Un jour ordinaire à Alep
ALEP (Syrie), 1er juillet 2013 – Les combats ont commencé vers trois heures du matin. Un groupe de rebelles a lancé un raid sur un pont construit il y a quelques années pour décongestionner le trafic entre les quartiers de Suleiman al-Halabi et de Sakhour, deux zones d’Alep peuplées par les classes moyennes. Les insurgés ne s’attendaient pas à ce que ce pont soit si bien protégé par les forces gouvernementales et la bataille a été sanglante.
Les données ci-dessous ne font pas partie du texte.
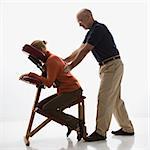 Caucasien massage hommes d'âge mûr thérapeute de massage dos de femme d'âge mûr du Caucase, assis dans une chaise de massage.
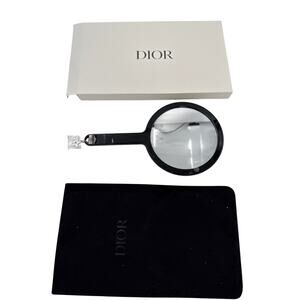 CDMG101: Christian Dior black handheld mirror with a case and presentation box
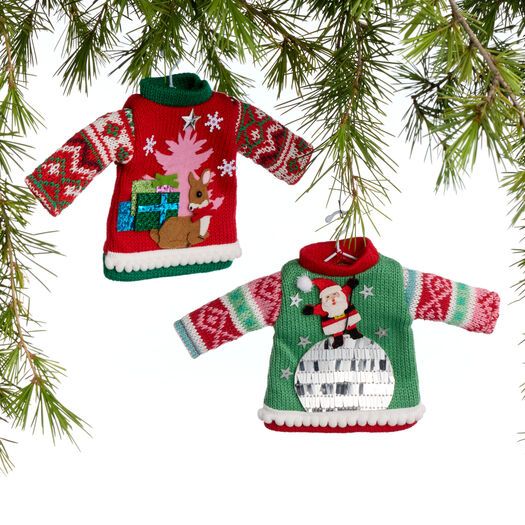 two christmas sweater ornaments hanging from a tree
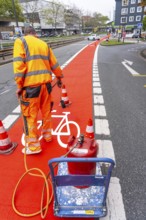 Application of red road surfacing on a cycle lane, inner-city road, so-called cold plastic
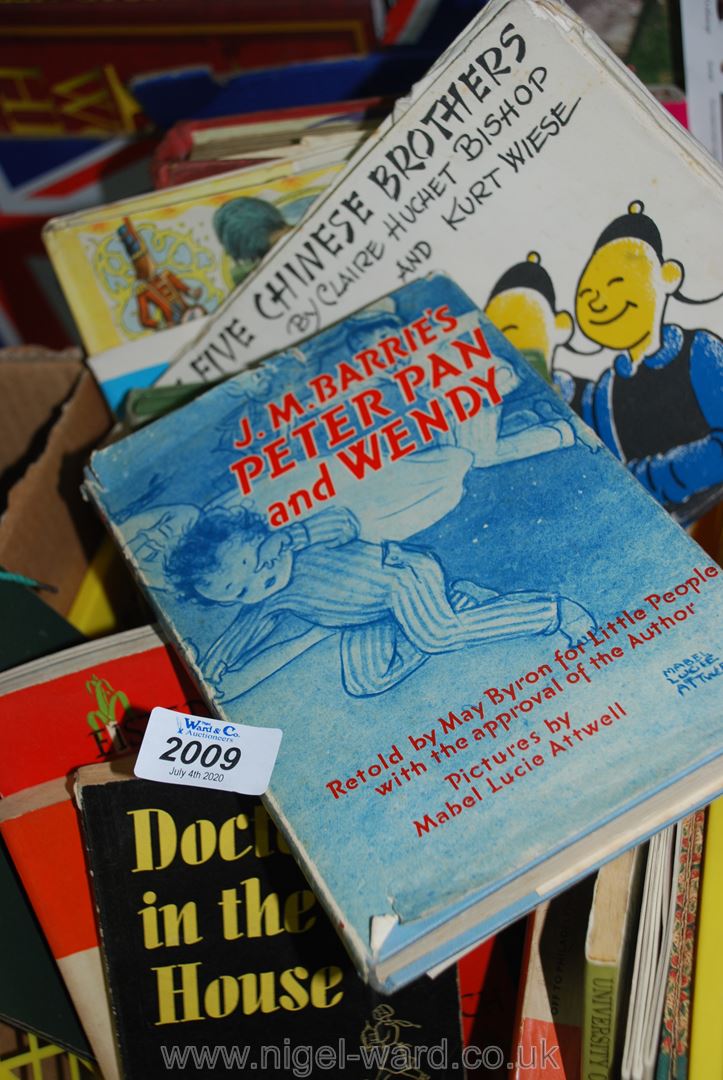 A crate of various books to include The Five Chinese Brothers, Peter Pan and Wendy by J.M.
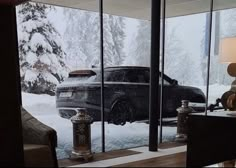 a car is parked in front of a large window with snow on the ground and trees outside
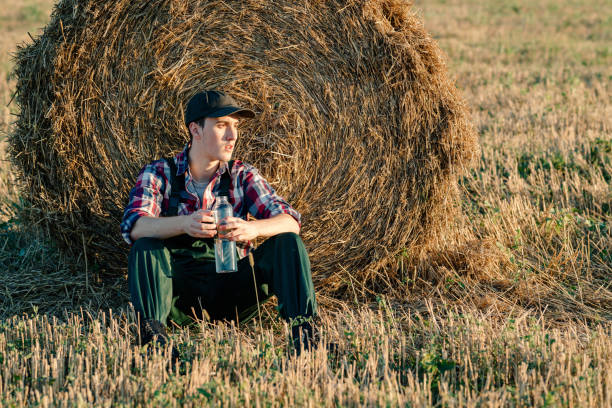 istock Exhausted farmer resting next to a straw bale 1580150246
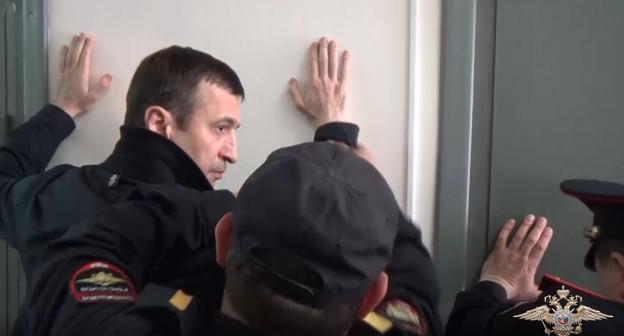 Задержанного Османа Хасбулатова осматривают перед заключением в камеру. Фото: кадр  видео пресс-службы  МВД. https://мвд.рф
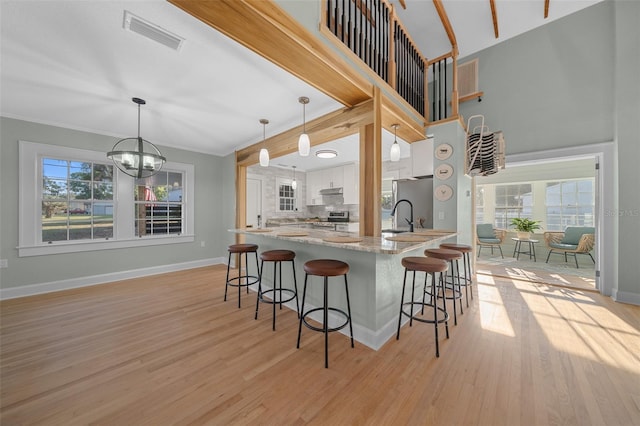 kitchen featuring appliances with stainless steel finishes, white cabinetry, a breakfast bar area, light wood-style flooring, and baseboards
Je suis arrivé sur place vers neuf heures du matin. Les rebelles m’ont ordonné de ne pas prendre de photos. Je couvre les fronts ouest d’Alep depuis le début de la guerre. Il n’existe aucune relation particulière entre les insurgés et moi. Ils se sont simplement habitués à me voir dans les parages. Ils me laissent généralement travailler mais ce jour-là, pour une raison ou pour une autre, ils ne voulaient pas me voir. Je me suis donc réfugié dans un immeuble situé à quelques mètres du pont, d’où j’ai pris ces images.
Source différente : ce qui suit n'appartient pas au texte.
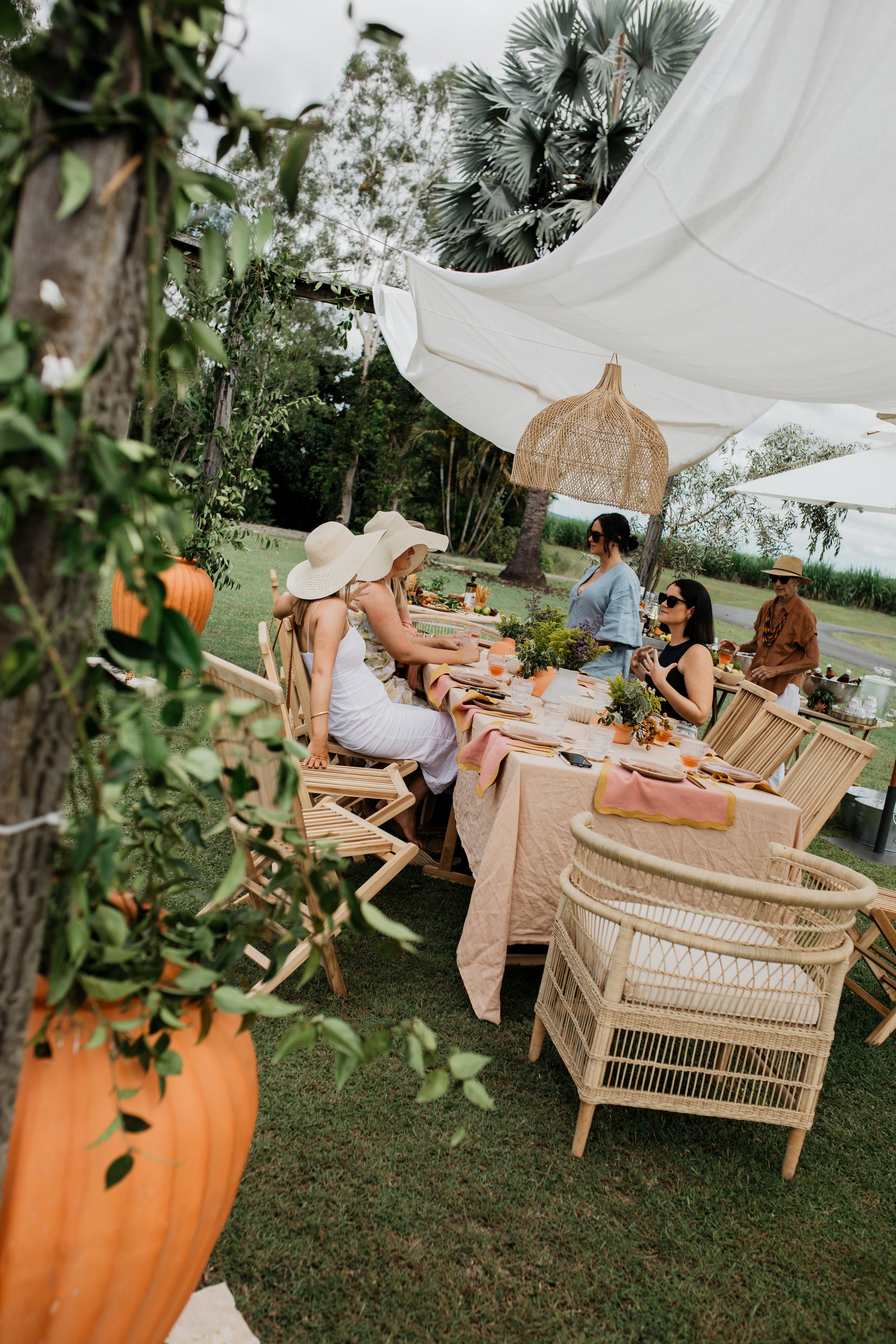 People gathered around an outdoor dining table with peach-colored tablecloths, under white canopy, in a lush garden setting with trees and large potted plants.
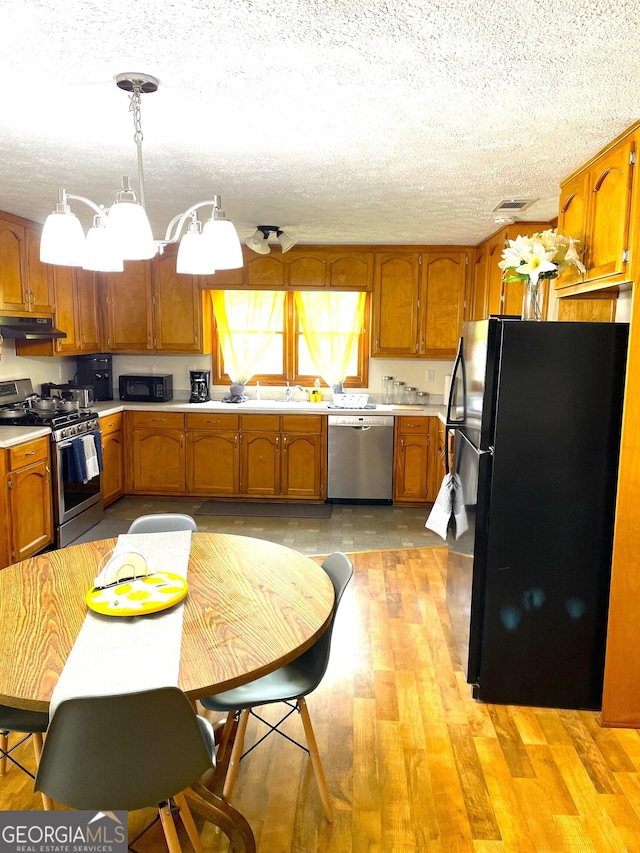 kitchen featuring a notable chandelier, pendant lighting, a textured ceiling, black appliances, and light wood-type flooring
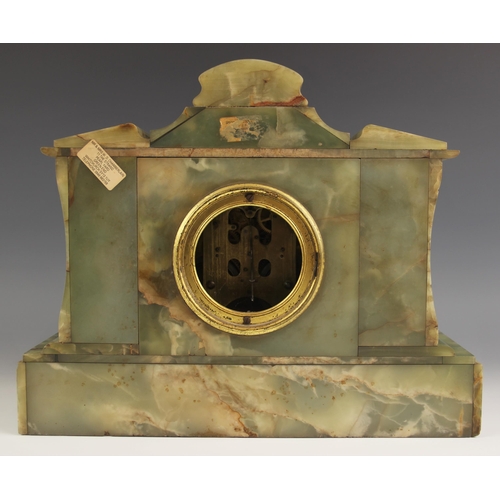 608 - A Victorian green onyx mantel clock, the case of architectural form with a pair of freestanding pill...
La tâche n’a pas été facile. Sur la photo en grand angle, on voit un groupe de rebelles fauchés par un sniper ou par des rafales de mitrailleuse. J’ai zoomé sur les deux hommes à gauche. Ils avaient tous deux été touchés aux jambes par un tireur embusqué et saignaient abondamment. Ils allaient survivre. Mais ils allaient devoir attendre une douzaine d’heures pour que leurs camarades, à la faveur de l’obscurité, viennent les secourir tout en faisant feu en direction des snipers au mortier et à la mitrailleuse lourde.
Selon mes informations, la bataille a fait huit morts et quatre blessés et, à l'heure où j'écris, les forces gouvernementales tiennent toujours le pont. En deux ans, je me suis accoutumé à prendre des photos pendant les combats. Ce jour-là, comme d’habitude, je n’avais pas peur, mais j’étais prudent.
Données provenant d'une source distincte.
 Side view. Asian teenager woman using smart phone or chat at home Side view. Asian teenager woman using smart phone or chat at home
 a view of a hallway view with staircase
Sur cette autre image, on voit les cadavres d'un rebelle et d'un civil. Le civil, en chemise blanche, accourait pour porter secours à son cousin abattu par un sniper lorsqu’il a lui-même été tué par le tireur.
(Abo Al-Nur Sadk est un pseudonyme. Ces images ont été prises le 20 juin mais, en raison de la difficulté de transmettre des photos depuis la Syrie, elles n’ont été diffusées par l’AFP que le 27).